Search code examples
rggplot2binning

Manually specifying bins with stat_summary2d


I have a large set of data that consists of coordinates (x,y) and a numeric z value that is similar to density. I'm interested in binning the data, performing summary statistics (median, length, etc.) and plotting the binned values as points with the statistics mapped to ggplot aesthetics.

I've tried using stat_summary2d and extracting the results manually (based on this answer: https://stackoverflow.com/a/22013347/2832911). However, the problem I'm running into is that the bin placements are based on the range of the data, which in my case varies by data set. Thus between two plots the bins are not covering the same area.

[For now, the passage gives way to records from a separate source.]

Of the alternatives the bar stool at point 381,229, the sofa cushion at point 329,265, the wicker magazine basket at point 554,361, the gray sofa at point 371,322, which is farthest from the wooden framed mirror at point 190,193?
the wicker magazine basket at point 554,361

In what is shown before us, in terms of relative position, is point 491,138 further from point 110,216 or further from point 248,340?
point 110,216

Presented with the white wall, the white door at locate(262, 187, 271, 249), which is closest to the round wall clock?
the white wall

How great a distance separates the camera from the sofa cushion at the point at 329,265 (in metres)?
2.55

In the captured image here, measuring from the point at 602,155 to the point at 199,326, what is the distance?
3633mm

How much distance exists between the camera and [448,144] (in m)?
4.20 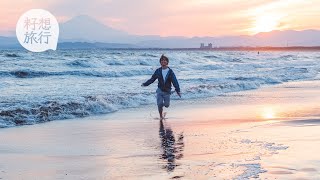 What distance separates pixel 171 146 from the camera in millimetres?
8289

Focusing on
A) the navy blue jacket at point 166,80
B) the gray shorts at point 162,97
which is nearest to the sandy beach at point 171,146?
the gray shorts at point 162,97

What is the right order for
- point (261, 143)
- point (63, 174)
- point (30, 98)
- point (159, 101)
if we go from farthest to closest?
point (30, 98) < point (159, 101) < point (261, 143) < point (63, 174)

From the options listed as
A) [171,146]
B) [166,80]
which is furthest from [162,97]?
[171,146]

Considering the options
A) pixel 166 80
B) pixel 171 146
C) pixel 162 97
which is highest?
pixel 166 80

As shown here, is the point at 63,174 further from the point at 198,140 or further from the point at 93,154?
the point at 198,140

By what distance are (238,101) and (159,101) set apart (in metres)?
4.72

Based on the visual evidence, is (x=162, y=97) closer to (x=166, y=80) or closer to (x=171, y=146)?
(x=166, y=80)

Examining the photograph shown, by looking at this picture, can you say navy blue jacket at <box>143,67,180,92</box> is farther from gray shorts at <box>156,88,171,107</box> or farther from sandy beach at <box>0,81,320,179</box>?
sandy beach at <box>0,81,320,179</box>

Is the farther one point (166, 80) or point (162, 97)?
point (162, 97)

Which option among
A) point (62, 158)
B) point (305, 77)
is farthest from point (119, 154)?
point (305, 77)

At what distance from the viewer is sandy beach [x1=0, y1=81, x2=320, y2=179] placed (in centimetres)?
633

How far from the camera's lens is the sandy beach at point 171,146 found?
6.33 meters

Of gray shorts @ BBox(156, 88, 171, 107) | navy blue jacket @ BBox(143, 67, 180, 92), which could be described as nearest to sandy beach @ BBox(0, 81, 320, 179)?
gray shorts @ BBox(156, 88, 171, 107)

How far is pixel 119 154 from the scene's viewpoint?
7.57m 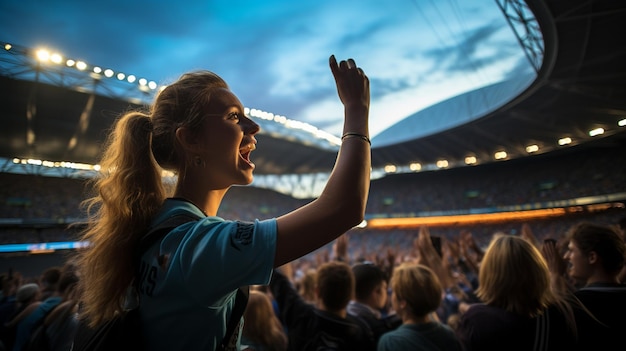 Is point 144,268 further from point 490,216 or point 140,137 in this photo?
point 490,216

My question is how to either manually set bins using stat_summary2d, or at least set them to be consistent regardless of the data.

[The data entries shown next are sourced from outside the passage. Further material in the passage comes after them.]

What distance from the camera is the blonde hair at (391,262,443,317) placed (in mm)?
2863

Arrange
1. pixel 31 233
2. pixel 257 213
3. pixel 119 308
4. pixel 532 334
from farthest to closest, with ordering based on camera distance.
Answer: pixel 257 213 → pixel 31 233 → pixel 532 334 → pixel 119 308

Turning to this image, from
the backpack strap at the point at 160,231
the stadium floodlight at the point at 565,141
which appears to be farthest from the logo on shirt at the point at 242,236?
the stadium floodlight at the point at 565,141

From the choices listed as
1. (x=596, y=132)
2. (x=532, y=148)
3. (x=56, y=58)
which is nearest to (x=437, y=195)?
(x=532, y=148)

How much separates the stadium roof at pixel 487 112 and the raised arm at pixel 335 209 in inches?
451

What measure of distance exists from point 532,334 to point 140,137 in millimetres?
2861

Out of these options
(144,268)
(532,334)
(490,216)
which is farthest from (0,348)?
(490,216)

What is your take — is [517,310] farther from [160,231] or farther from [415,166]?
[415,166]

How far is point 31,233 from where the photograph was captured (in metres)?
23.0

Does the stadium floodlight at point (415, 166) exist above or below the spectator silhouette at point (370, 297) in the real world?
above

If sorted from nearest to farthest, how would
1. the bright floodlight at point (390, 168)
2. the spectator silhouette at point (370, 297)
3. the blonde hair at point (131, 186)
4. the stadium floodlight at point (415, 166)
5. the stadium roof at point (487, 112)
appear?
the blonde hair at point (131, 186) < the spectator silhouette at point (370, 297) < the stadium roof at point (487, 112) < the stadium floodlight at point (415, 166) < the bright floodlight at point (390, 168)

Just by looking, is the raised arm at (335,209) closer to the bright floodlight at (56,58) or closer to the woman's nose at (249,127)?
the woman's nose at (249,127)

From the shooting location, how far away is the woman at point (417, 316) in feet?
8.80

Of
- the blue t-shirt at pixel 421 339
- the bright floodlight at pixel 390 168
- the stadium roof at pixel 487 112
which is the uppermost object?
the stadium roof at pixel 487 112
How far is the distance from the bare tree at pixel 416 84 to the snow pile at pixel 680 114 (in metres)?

Here is a basic example which demonstrates the approach and how the bins don't line up:

library(ggplot2)
set.seed(2)
df1 <- data.frame(x=runif(100, -1,1), y=runif(100, -1,1), z=rnorm(100))
df2 <- data.frame(x=runif(100, -1,1), y=runif(100, -1,1), z=rnorm(100))
g1 <- ggplot(df1, aes(x,y))+stat_summary2d(fun=mean, bins=10, aes(z=z))+geom_point()
df1.binned <-
    data.frame(with(ggplot_build(g1)$data[[1]],
                    cbind(x=(xmax+xmin)/2, y=(ymax+ymin)/2, z=value, df=1)))
g2 <- ggplot(df2, aes(x,y))+stat_summary2d(fun=mean, bins=10, aes(z=z))+geom_point()
df2.binned <-
    data.frame(with(ggplot_build(g2)$data[[1]],
                    cbind(x=(xmax+xmin)/2, y=(ymax+ymin)/2, z=value, df=2)))
df.binned <- rbind(df1.binned, df2.binned)
ggplot(df.binned, aes(x,y, size=z, color=factor(df)))+geom_point(alpha=.5)

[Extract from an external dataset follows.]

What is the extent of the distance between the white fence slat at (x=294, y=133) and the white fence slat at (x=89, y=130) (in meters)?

Which generates this image

In reality I will use stat_summary2d several times to get, for instance, the number of points in the bin, and the median and then use aes(size=bin.length, colour=bin.median).

Any tips on how to accomplish this using my proposed approach, or an alternative approach would be welcome.


Solution

  • You can manually set breaks with stat_summary2d. If you want 10 levels from -1 to 1 you can do

    bb<-seq(-1,1,length.out=10+1)
    breaks<-list(x=bb, y=bb)
    

    And then use the breaks variable when you call your plots

    g1 <- ggplot(df1, aes(x,y))+
        stat_summary2d(fun=mean, breaks=breaks, aes(z=z))+
        geom_point()
    

    It's a shame you can't change the geom of the stat_summary2d to "point" so you could make this in one go, but it doesn't look as though stat_summary2d calculate the proper x and y values for that.